Kaitlyn’s review covered a lot of ground and incorporated the articles in very well. My reaction to the film was similar to Kaitlyn’s in that it changed after I did research on it. Watching the film through Westerner eyes with little background information on the movie, only the story of Ganesh, I found the movie to be very amateur and was curious as to why it was one of the movies selected to watch in the course. I found the acting to be so awful that nothing felt genuine, the movie relentlessly reminding me of a soap opera with the frequent dramatic outbursts (especially the scene where Birju discovers he has been served leftovers from his brothers’ dinner plates) and female actresses caked with make-up. Satyavati’s insecurity frustrated me and I was annoyed with her whininess because I felt she should have stood up for herself against the cruel sister in-laws, and also that she should have taken the opportunity to leave the mistreating household when her father came to take her back to her hometown. I understand she was committed to Birju, but I saw no reason why Birju could not just seek out for her once he returned to find her absent. To me, when she made the decision to stay in hopes of Birju’s return, she subjected herself to the abuse. I guess I just wanted to see her become strong and independent woman who thought for herself rather than rely on fate and faith( agreeing with the critique of the vrats as “rituals contributing to the subordination and disempowerment of women” mentioned in Lutgendor’s article). However, I enjoyed the change of pace from the many mansalas that we have viewed, especially the lack of constant violence and political corruption that mansalas always capture, and found the silly fighting scenes to be endearing. After learning that Jai Santoshi Maa falls under the genre of mythological/devotional, and that the plot was parallel to the story drawn from a pamphlet belonging to the genre known as vrat katha, I started to see the movie in a new light.

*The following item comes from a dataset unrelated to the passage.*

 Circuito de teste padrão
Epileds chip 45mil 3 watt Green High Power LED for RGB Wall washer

I found it very interesting that I could have noticed the movie was going to be aimed for a different audience just in the opening credits. Mansala’s have the target audience of young urban males and more “sophisticated” audiences, and “displayed their titles and credits in Roman script and using English terminology” (Lutgendor 6). Jai Santoshi Maa’s credits were completely in Devanagari script with Sanskritized-Hindi neologisms, a flag for the change of pace in genre’s and targeted audience.

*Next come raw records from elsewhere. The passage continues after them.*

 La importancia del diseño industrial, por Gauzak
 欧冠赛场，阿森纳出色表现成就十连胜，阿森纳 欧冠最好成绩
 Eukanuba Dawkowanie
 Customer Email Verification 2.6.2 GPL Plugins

What I wanted to touch on that Kaitlyn did not get to include in her review, was the significance of the history of devotionals in relation to why it was so shocking that Jai Santoshi Maa was a great success. Devotional films were crucial to the start of Indian cinema. This was because well into the sound era of the 1930s, cinema was still stigmatized as being a foreign innovation, and the shift in content of output in the Indian cinematic industry was not until D. G. Phalke’s efforts to capture Indian culture on screen. Around 1913, he began to produced close to a hundred movies and the majority of them were devotionals drawn from epic and puranic tales, which created a different audience than from the one’s that were patronizing foreign films. People of India embraced the devotionals because of the familiarity of mythological tales, something significant to Indian audiences. This familiarity also explains why devotionals were significant to the start of early Indian cinema, because it helped Indians embrace the new technology of cinema and break the stigma of cinema being foreign and only for the elite or more sophisticated audiences. But as Indian cinema developed and more genres were being produced, devotionals, having that target audience of more rural populations (that Kaitlyn explains in her review), were started to be seen as downmarket, and the production of devotionals shrinked drastically. Devotional films accounted for 70% of films made prior to 1923, but had practically disappeared by the 1950s (Lutgendor 4). So it is no wonder why it was shocking that in 1975, long after the shift in popularity from devotionals to mansalas, Jai Santoshi Maa was such a success!